One nephew must have been a doctor as he asked Don "if he should look after our kneecaps." After assuring him our kneecaps were fine, but I did have a twinge in my right shoulder, we were dropped back on the corner where they picked us up, I only wish they had stopped the car first, obviously a miscommunication with the driver.

As they drove away Don said something about knowing where we lived and expressed great concern for the health of our family.

What a nice man, I have a feeling he will come to visit us soon. I hope he brings his nephew the doctor as falling from the car seems to have caused some internal injuries.

Sunday, February 11, 2007

Mythses..or something..


"Polls are a fair and accurate gauge of the publics opinion."



I could never figure out why we care what the polls think. What purpose is served in knowing the opinion of people in Warsaw? We should be asking Americans, Dammit! Only 34% of polls approve of President Bush, so what!! I think it's time the Polish people minded their own business and stop meddling in our affairs.

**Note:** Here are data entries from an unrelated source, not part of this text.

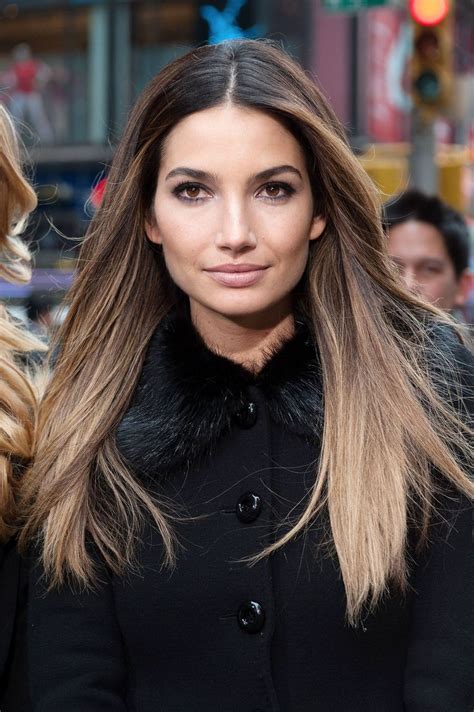 22 Best Images About Lily Aldridge Balayage On Pinterest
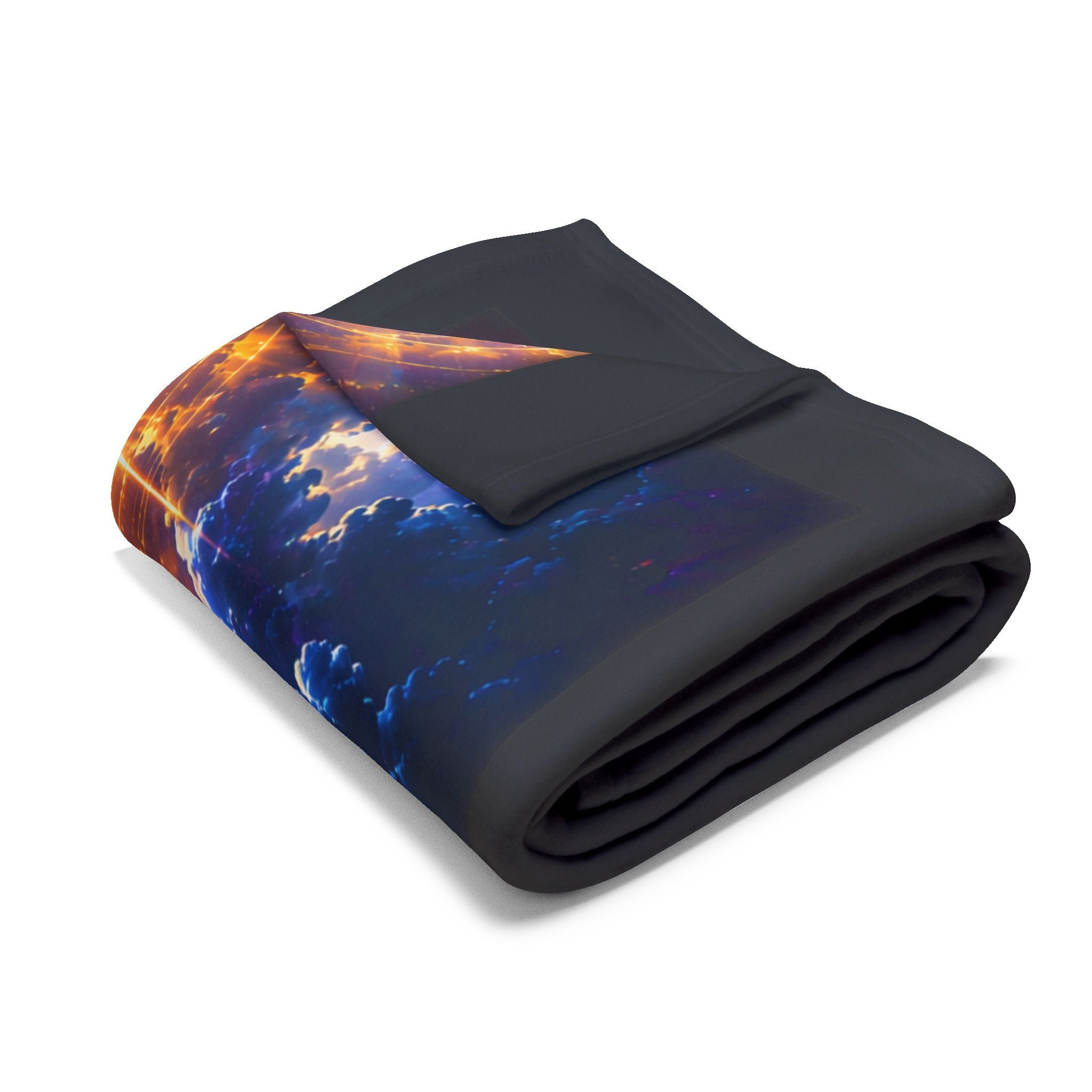 Jesus Fleece Blanket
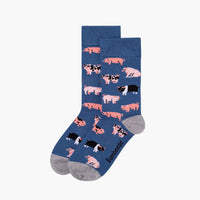 Bamboozld Mens Oink Socks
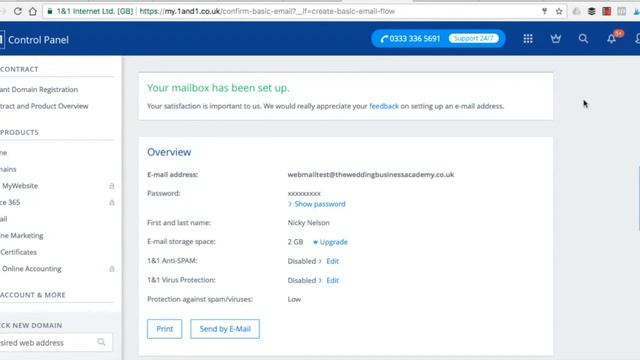 How to set up webmail using 1and1 смотреть онлайн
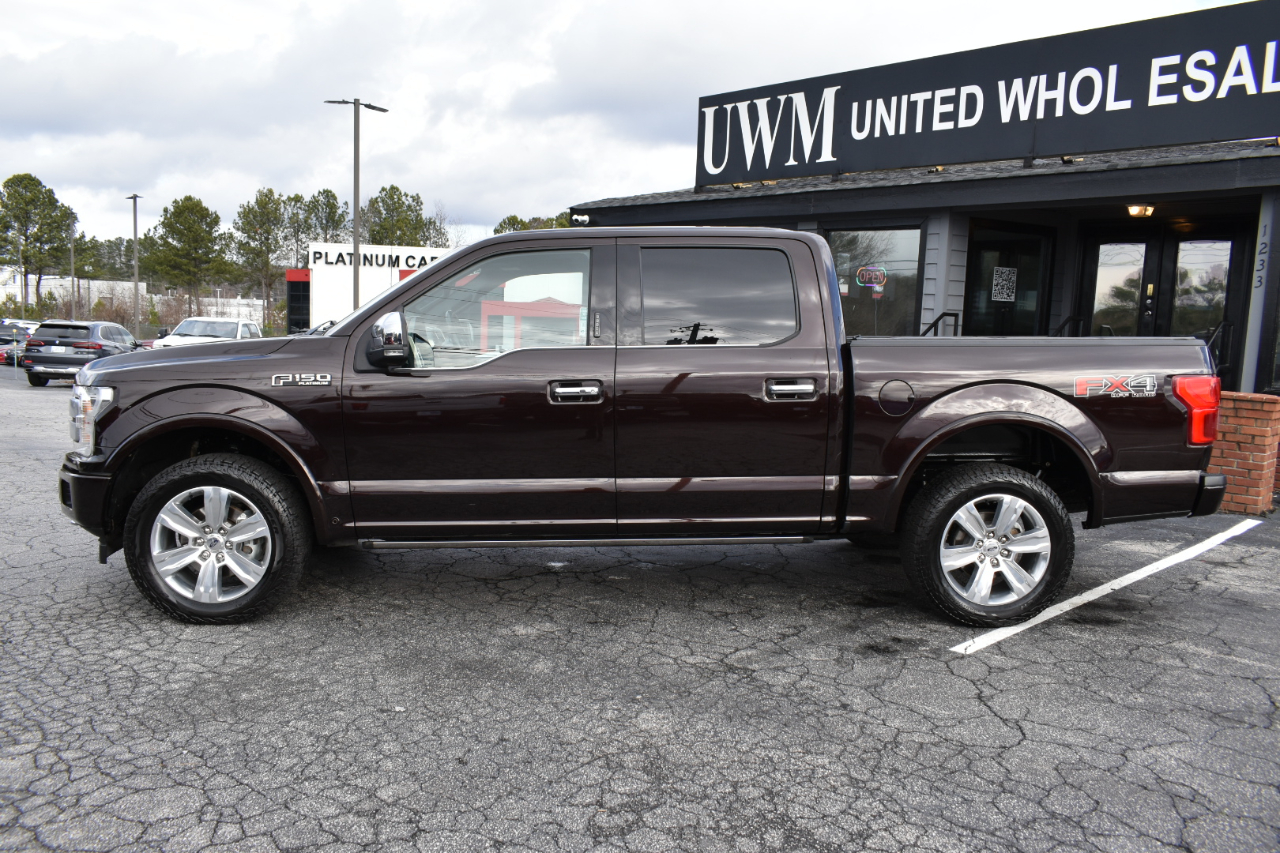 Ford F-150 Platinum SuperCrew 4WD 2019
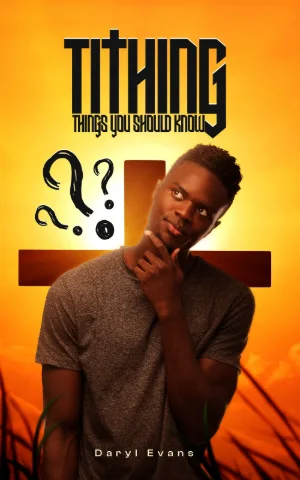 Tithing book cover by Daryl Evans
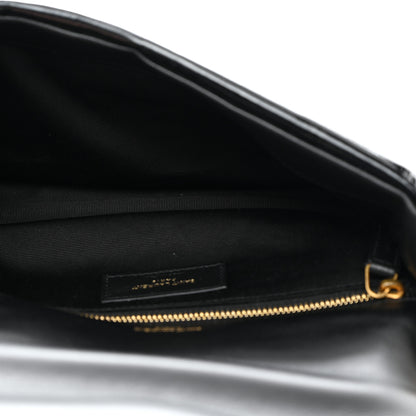 Saint Laurent Patent Calfskin Calypso Black 5 of 10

"Alcohol kills brain cells"



Or maybe it's true.
After reviewing the stuff I wrote, apparently I wasn't using them anyway.

Tuesday, February 6, 2007

Myth USA...


"Carmella Underhart is not a serious Candidate for President in 2008."


I've gotten so tired of the media dissing Carmella , it's time to set the record straight. This is an overview of her platform:

1) In favor of abortion, unless the woman is pregnant.

2) In favor of whatever most people think about global warming.

3) In favor of "gay" marriage, "blissful" marriage and "happy" marriage but vehemently opposed to "delirious" marriage.

4) Believes the Constitution stands as written without need of interpretation, unless the Supreme Court or Al Sharpton say otherwise.

5) Believes in the separation of church and state also the separation of Spears and Federline.

6) Believes in securing America's borders. All 6 of them.

7) Believes strongly in the war on terror. Has personally sought to ban sales of "The Exorcist", "Psycho" and "The Postman" (Damn that Costner!)

8) Is not entirely sure where Iraq is located.

9) The U.N. should mind it's own business and stay out of world affairs.

10) Believes in tax cuts and hair cuts.

Underhart in 2008!

Sunday, February 4, 2007

Mythed Opportunity...


"McDonald's "I'm lovin' it" is a new and original advertising slogan"



The image below is from a cave in Northern Europe dating back to 6500 B.C. (nearly 30 years before McDonald's opened it's first restaurant)

Not only is it clear that the slogan was "lifted" from this ancient discovery, but it also puts to rest the question whether or not cave men knew English.



"The CIA regularly checks blogs and removes sensitive or offending material."